View Full Version : Best settings for HV10 capturing and editing on FCP?


Javier Salinas
December 4th, 2006, 11:27 AM
Hi there!
I just bought a brand new HV10 and I'm new with HDV. Does anybody knows wich are the best settings to capture and editing HDV footage? Thank you very much!!

Lee Wilson
December 4th, 2006, 03:15 PM
Hi there!
I just bought a brand new HV10 and I'm new with HDV. Does anybody knows wich are the best settings to capture and editing HDV footage? Thank you very much!!


Spain is PAL Not NTSC... is that right ?

For FCP: In the Menu >> Easy Set-up >> HDV Apple intermediate codec 1080i 50.

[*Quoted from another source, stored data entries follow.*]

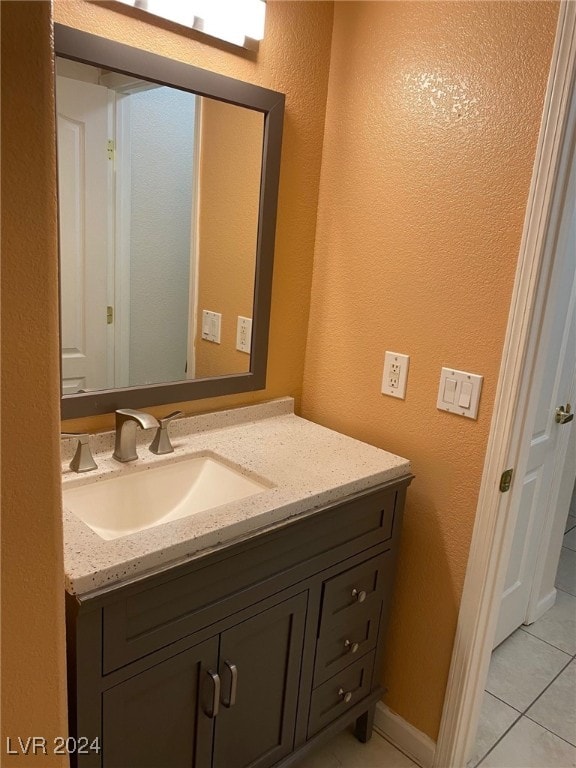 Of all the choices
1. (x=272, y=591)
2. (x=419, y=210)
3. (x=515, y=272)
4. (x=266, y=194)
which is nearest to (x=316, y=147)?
(x=266, y=194)

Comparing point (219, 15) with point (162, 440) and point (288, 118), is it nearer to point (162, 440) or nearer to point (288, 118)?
point (288, 118)

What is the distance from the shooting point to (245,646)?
4.21 feet

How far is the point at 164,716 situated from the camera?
1163 mm

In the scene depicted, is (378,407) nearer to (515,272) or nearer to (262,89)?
(515,272)

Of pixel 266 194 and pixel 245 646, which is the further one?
pixel 266 194

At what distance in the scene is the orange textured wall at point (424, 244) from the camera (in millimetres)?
1387

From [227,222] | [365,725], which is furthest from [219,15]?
[365,725]

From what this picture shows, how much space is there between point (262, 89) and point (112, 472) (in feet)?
3.55

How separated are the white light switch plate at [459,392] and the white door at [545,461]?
1.38ft

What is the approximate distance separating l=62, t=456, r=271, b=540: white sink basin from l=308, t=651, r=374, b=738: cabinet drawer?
58 cm

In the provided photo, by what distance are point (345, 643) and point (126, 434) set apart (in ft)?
2.65

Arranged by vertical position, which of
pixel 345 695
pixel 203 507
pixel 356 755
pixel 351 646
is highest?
pixel 203 507

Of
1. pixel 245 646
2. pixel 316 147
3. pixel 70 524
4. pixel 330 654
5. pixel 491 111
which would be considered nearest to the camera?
pixel 70 524

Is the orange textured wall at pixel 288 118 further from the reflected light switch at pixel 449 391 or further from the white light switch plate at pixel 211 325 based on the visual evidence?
the reflected light switch at pixel 449 391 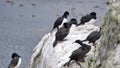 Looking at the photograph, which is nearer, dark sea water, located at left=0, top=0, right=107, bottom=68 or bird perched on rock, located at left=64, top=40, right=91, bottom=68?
bird perched on rock, located at left=64, top=40, right=91, bottom=68

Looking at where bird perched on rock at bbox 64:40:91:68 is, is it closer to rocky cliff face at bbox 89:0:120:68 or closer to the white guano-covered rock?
the white guano-covered rock

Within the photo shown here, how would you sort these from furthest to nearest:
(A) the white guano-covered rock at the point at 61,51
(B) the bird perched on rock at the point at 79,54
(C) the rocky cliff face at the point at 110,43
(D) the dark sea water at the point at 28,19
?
(D) the dark sea water at the point at 28,19, (A) the white guano-covered rock at the point at 61,51, (B) the bird perched on rock at the point at 79,54, (C) the rocky cliff face at the point at 110,43

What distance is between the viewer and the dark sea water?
1371 centimetres

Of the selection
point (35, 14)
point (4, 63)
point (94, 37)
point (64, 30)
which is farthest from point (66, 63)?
point (35, 14)

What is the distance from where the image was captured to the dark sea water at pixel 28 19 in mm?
13711

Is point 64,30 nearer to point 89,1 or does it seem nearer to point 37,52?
point 37,52

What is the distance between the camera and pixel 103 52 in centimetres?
404

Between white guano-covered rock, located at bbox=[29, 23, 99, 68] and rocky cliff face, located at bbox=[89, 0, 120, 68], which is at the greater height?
rocky cliff face, located at bbox=[89, 0, 120, 68]

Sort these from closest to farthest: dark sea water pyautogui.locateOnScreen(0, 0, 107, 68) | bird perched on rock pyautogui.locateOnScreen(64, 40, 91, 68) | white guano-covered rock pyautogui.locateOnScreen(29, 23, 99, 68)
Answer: bird perched on rock pyautogui.locateOnScreen(64, 40, 91, 68), white guano-covered rock pyautogui.locateOnScreen(29, 23, 99, 68), dark sea water pyautogui.locateOnScreen(0, 0, 107, 68)

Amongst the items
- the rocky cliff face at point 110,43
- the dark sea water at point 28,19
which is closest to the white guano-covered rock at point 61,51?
the dark sea water at point 28,19

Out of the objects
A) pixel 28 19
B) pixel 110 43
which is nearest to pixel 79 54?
pixel 110 43

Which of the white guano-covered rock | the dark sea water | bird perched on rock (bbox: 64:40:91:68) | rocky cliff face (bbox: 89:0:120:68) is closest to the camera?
rocky cliff face (bbox: 89:0:120:68)

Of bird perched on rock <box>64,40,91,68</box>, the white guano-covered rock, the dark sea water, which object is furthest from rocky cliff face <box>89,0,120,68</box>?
the dark sea water

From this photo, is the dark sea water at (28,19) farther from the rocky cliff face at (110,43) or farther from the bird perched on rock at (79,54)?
the rocky cliff face at (110,43) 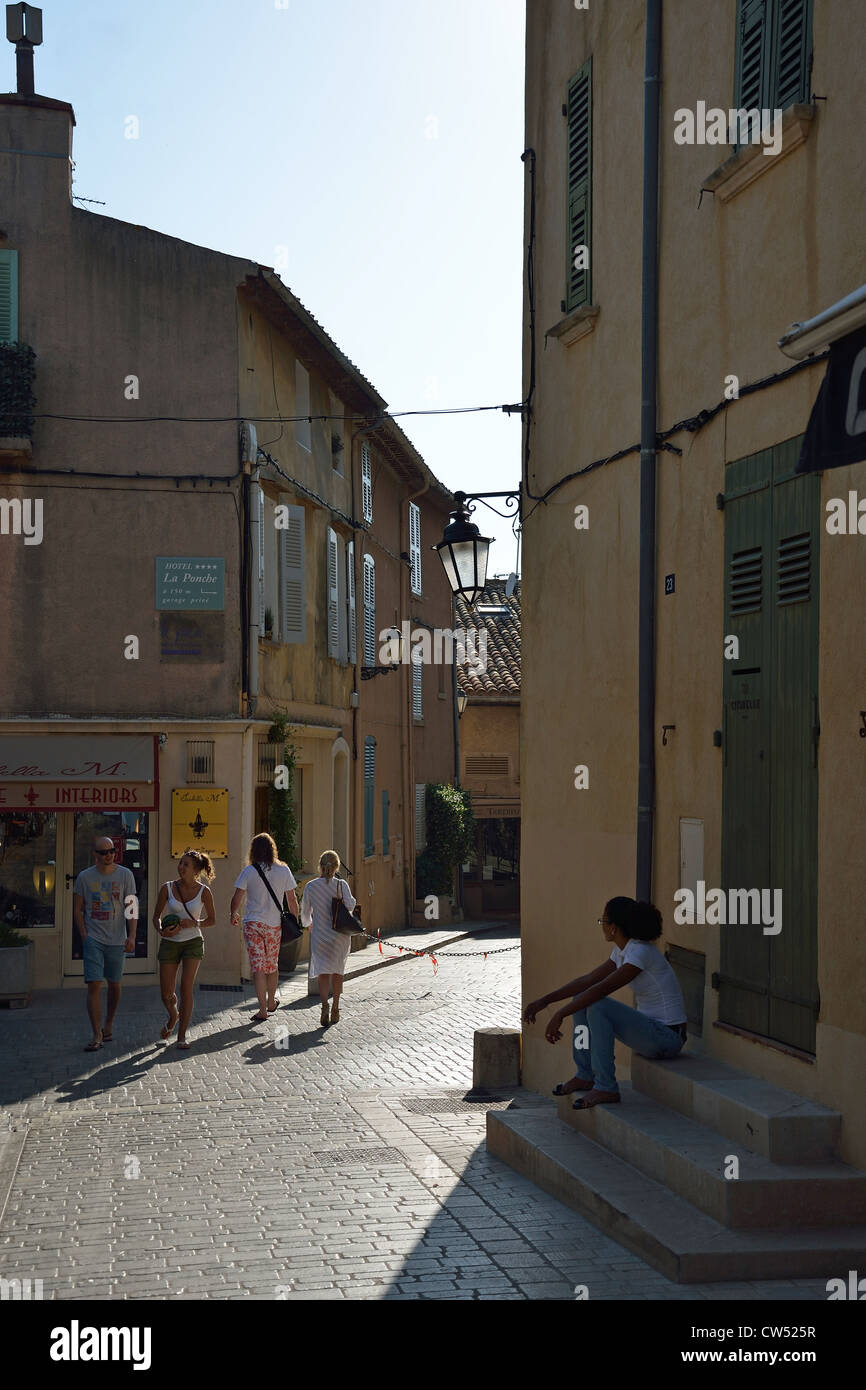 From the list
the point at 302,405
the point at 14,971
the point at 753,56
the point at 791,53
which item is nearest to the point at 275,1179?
the point at 791,53

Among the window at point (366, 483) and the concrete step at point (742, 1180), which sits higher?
the window at point (366, 483)

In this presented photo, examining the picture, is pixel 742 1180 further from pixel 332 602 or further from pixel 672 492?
pixel 332 602

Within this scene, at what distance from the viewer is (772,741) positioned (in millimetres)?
7781

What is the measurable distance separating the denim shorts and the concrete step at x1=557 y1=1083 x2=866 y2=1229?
6.41 m

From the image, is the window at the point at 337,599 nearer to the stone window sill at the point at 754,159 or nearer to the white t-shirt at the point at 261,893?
the white t-shirt at the point at 261,893

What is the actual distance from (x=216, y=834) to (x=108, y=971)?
16.2ft

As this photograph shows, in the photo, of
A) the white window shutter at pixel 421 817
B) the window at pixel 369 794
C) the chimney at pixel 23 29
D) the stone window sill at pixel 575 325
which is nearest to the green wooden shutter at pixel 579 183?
the stone window sill at pixel 575 325

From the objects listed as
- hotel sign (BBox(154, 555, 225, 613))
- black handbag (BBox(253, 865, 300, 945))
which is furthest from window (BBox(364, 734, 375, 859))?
black handbag (BBox(253, 865, 300, 945))

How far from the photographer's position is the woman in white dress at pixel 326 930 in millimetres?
14367

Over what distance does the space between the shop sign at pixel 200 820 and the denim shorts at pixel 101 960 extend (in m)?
4.69

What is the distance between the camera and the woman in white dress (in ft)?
47.1

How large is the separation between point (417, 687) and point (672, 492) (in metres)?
22.2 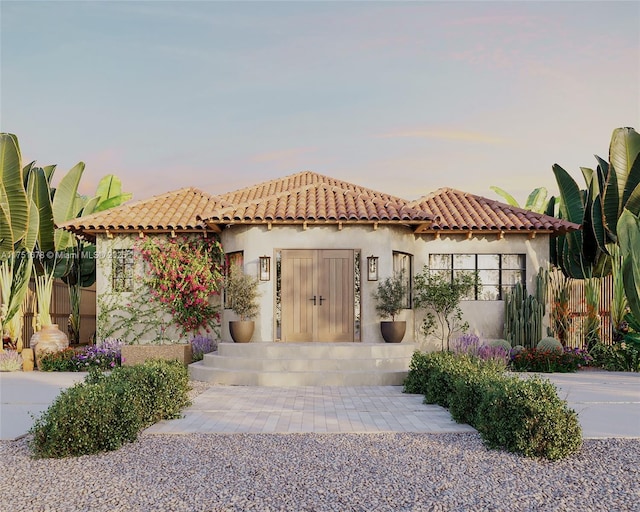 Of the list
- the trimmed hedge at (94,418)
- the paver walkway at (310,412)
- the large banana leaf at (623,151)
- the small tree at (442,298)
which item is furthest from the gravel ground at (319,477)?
the large banana leaf at (623,151)

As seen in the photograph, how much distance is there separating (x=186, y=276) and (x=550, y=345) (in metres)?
9.85

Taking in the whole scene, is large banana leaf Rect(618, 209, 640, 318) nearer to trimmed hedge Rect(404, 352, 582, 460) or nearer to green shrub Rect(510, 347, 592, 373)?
green shrub Rect(510, 347, 592, 373)

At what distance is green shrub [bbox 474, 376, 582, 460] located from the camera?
6.66 m

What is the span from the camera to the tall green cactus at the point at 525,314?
1633 cm

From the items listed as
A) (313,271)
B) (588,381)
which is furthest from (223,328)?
(588,381)

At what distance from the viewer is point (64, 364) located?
1552cm

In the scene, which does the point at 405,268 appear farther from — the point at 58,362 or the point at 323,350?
the point at 58,362

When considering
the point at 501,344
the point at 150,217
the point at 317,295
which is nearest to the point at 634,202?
the point at 501,344

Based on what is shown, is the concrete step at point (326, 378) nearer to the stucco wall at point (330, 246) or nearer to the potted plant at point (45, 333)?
the stucco wall at point (330, 246)

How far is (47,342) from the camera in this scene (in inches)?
635

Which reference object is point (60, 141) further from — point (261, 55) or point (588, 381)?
point (588, 381)

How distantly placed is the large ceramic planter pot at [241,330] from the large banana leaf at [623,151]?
10710mm

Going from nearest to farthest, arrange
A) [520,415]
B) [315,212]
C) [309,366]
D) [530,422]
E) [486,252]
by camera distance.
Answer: [530,422], [520,415], [309,366], [315,212], [486,252]

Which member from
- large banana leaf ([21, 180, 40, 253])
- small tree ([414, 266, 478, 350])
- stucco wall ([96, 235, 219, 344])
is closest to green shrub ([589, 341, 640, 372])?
small tree ([414, 266, 478, 350]) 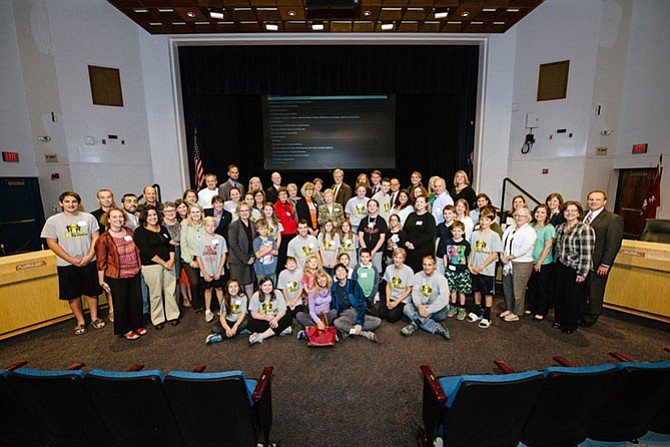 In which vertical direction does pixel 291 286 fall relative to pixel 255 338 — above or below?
above

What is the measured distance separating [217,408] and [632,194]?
8.98 m

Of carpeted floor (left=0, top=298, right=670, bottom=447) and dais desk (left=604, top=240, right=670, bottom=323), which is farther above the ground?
dais desk (left=604, top=240, right=670, bottom=323)

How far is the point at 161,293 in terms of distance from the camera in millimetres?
4098

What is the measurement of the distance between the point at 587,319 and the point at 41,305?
22.7 feet

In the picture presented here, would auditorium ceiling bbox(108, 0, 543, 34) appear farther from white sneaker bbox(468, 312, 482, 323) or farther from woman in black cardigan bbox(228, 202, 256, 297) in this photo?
white sneaker bbox(468, 312, 482, 323)

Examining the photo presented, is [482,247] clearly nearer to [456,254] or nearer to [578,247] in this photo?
[456,254]

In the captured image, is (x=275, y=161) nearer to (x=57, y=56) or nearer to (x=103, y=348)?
(x=57, y=56)

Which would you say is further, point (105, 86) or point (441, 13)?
point (105, 86)

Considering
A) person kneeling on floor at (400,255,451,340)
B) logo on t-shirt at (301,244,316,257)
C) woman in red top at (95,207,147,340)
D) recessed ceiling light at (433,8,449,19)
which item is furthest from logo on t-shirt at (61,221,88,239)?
recessed ceiling light at (433,8,449,19)

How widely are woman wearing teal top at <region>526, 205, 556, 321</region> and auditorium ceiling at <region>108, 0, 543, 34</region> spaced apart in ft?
14.7

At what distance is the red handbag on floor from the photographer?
357cm

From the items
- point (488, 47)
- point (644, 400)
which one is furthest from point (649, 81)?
point (644, 400)

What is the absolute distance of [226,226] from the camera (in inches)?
Answer: 180

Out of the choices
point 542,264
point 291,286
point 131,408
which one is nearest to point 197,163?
point 291,286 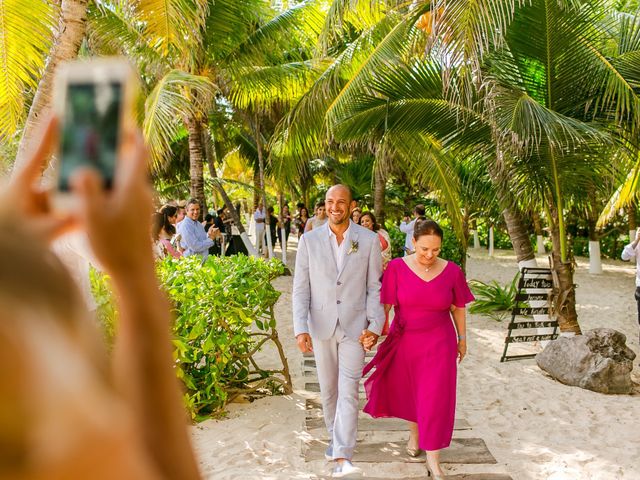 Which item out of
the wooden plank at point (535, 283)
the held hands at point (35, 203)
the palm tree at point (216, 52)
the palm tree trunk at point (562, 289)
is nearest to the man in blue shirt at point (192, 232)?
the palm tree at point (216, 52)

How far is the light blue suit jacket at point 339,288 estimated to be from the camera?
191 inches

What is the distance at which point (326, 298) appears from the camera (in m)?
4.90

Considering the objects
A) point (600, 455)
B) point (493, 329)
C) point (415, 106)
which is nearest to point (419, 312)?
point (600, 455)

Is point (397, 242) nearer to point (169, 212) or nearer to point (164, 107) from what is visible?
point (164, 107)

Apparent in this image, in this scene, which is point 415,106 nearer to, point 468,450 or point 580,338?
point 580,338

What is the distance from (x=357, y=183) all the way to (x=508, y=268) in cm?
747

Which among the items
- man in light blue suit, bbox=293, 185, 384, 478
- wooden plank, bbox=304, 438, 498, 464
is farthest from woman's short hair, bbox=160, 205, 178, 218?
wooden plank, bbox=304, 438, 498, 464

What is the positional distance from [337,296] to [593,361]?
3953mm

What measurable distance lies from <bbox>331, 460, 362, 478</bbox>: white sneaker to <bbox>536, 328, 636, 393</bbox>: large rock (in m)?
3.79

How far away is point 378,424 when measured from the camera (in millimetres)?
5879

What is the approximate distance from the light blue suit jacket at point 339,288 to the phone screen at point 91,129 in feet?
13.9

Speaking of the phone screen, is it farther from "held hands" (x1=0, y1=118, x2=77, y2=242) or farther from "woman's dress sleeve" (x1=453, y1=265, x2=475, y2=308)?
"woman's dress sleeve" (x1=453, y1=265, x2=475, y2=308)

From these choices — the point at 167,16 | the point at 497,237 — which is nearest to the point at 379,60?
the point at 167,16

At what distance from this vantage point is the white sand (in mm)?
4902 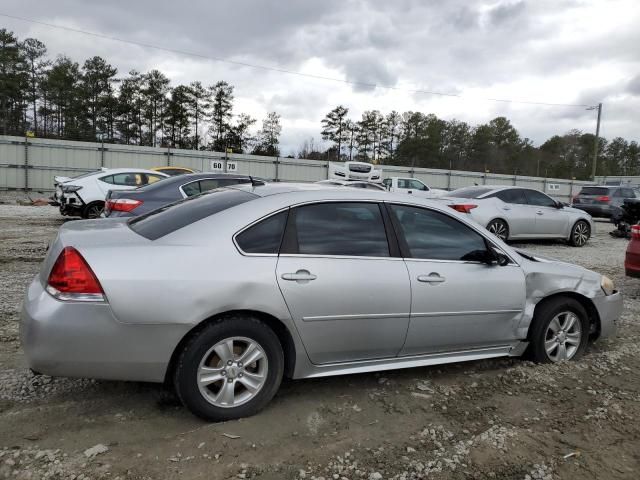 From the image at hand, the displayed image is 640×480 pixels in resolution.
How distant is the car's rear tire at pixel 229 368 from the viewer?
285 cm

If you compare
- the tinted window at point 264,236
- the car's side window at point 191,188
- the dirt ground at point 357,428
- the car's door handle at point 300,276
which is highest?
the car's side window at point 191,188

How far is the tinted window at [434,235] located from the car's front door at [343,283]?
0.20m

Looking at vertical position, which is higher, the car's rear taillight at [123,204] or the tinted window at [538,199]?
the tinted window at [538,199]

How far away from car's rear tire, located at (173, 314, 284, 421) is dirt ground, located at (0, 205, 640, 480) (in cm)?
13

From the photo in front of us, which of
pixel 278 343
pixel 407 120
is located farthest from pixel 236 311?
pixel 407 120

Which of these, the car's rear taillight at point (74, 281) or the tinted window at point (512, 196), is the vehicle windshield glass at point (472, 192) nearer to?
the tinted window at point (512, 196)

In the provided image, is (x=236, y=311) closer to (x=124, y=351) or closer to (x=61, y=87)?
(x=124, y=351)

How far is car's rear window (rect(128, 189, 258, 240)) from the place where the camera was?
3.21m

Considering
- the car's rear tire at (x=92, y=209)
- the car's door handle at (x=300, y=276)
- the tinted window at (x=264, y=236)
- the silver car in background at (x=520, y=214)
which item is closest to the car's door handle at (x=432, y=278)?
the car's door handle at (x=300, y=276)

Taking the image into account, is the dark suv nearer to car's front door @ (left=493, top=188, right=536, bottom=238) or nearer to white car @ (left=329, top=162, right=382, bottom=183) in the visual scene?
white car @ (left=329, top=162, right=382, bottom=183)

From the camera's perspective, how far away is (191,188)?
798cm

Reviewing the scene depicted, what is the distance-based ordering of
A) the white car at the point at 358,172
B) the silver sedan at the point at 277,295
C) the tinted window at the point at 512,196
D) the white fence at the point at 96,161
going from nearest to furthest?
the silver sedan at the point at 277,295 < the tinted window at the point at 512,196 < the white fence at the point at 96,161 < the white car at the point at 358,172

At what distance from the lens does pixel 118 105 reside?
47312 mm

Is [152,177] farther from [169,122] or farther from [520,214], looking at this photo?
[169,122] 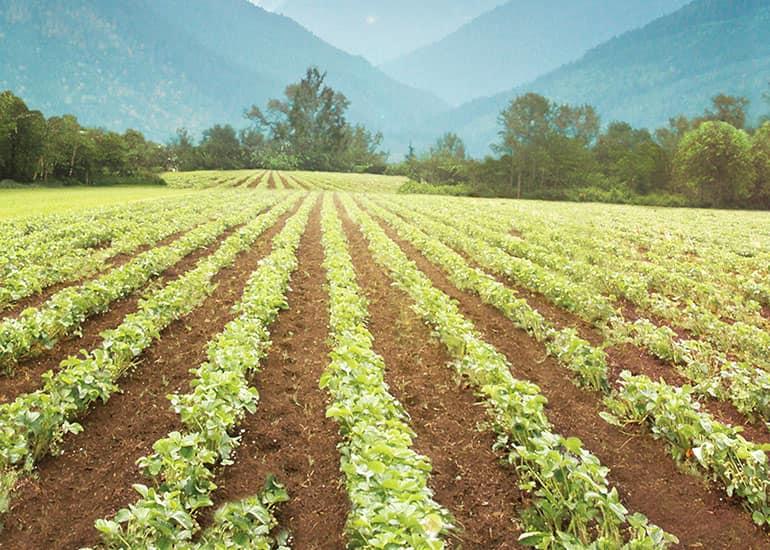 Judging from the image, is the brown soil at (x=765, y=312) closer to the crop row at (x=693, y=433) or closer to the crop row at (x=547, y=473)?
the crop row at (x=693, y=433)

or use iMovie (which automatically sets itself up the same as above).

Luis A. Diaz
December 4th, 2006, 06:52 PM
Spain is PAL Not NTSC... is that right ?

For FCP: In the Menu >> Easy Set-up >> HDV Apple intermediate codec 1080i 50.

or use iMovie (which automatically sets itself up the same as above).

I thought that FCP was able to do native HDV editing, as opposed to non-native like iMovie or Premier that use intermediate codecs.

I have been looking to purchase FCP for this reason but now that you mention this, I don't know if this is the only way for the HV-10 or because it is the easier way to do it on FCP.

Thanks,
Luis

Evan C. King
December 5th, 2006, 12:56 AM
FCP 5 and up definetly has native hdv, you can' use the intermediate if you want but there is native hdv too.

Javier Salinas
December 5th, 2006, 05:04 AM
Yes Lee it's PAL.

Thanks for the suggetions guys. I captured some clips on HDV already and looks cool.

Now the problem is that FCP divides the clip in subclips when I capture. It's divided on the different takes that I recorded. For example: I named the clip "Moon" and I got "Moon-1", "Moon-2", "Moon-3", "Moon-4" and so on. I'd like to have all the takes on the same clip.

How can I avoid that? Is it a setting that I should change on the camera or in FCP?

Thank you in advance!!

Tomas Chinchilla
December 5th, 2006, 07:22 PM
When you open "log and capture" you'll see it's got 3 tabs on the top right "Clip Settings", uncheck "Create new clip on Start/Stop" and that should fix your problem.

Lee Wilson
December 6th, 2006, 02:43 AM
I thought that FCP was able to do native HDV editing


Sure does.

Javier Salinas
December 6th, 2006, 05:25 AM
Thank you Tomas, but I'm not upgraded yet. I still work with 5.0 and it doesn't have this option.

Any other idea? I've check a few posts from another users with the same problem but nothing new.

Thanks!

Luis A. Diaz
December 6th, 2006, 01:39 PM
Sure does.

Lee:

I presume that if it does native it will require a powerful Mac at least a G5 with dual core at least 2Ghz with lots of ram, maybe 2-4 Gigs and a fast video card.

Will a Mac Pro with Intel dual core 2.66GHz and 2Gig of Ram fit the bill for smooth, no bogdown, native editing in real time????

My Mac is a single processor PowerPc G5 1.8GHz with 512 MB of Ram and nVidia GeForce Fx5200. I think that is the bare minimum FCP will run.

Thanks,
Luis

Lee Wilson
December 6th, 2006, 07:58 PM
Lee:

I presume that if it does native it will require a powerful Mac at least a G5 with dual core at least 2Ghz with lots of ram, maybe 2-4 Gigs and a fast video card.

'Native' usually is easier on FCP and not harder.

HDV is 25mbps - DV is 25mbps they both are stored in the same area on the same tape format - HDV is not much more of a strain on your system that good ol' DV - HDV (MPEG-2) is simply more efficient than DV encoding.

A good computer will make life easier but you do not have to sell the house to edit HDV. Many people edit on systems much lower than those specs.

Will a Mac Pro with Intel dual core 2.66GHz and 2Gig of Ram fit the bill for smooth, no bogdown, native editing in real time????

Certainly, keep the timeline in FCP set up the same as your footage and you should have no problems, I edit on a 2hz G4 with 1 gig of ram and have had no problems.